Free at last, they took your life
They could not take your pride
In the name of love!
What more in the name of love?
P.S. I went to Coventry DC one year. I worked it and was severly distracted from the programme by the particularly scary painting of Gordon Strachan in the Press Room!
Mummatron are you from the West midlands ? Thanks you for an amazin post !
Take care from the HHG in Tamworth Staffs
Unhesitatingly, yes, the #$%^*s did!
For sure, you always try to make the best of what you have left to work with. That, however, is never going to regain what was thrown away - and I see little use in trying to kid yourself otherwise.

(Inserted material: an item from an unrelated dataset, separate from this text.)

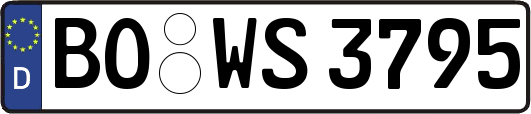 BO-WS3795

If the net had existed in 1980 I would have started checking it out then. I wish I had those years back. So glad the net is here and those who choose to read here can.
you go mum !!
Thank you HHG...and no I'm not from the Midlands, I'm Welsh but I do have family in that district. That particular year I just happened to be working in the same place as a brother and we couldn't both have the full 3 days off for our DC, so I arranged to go to Coventry whilst he went to Bristol a few weeks later.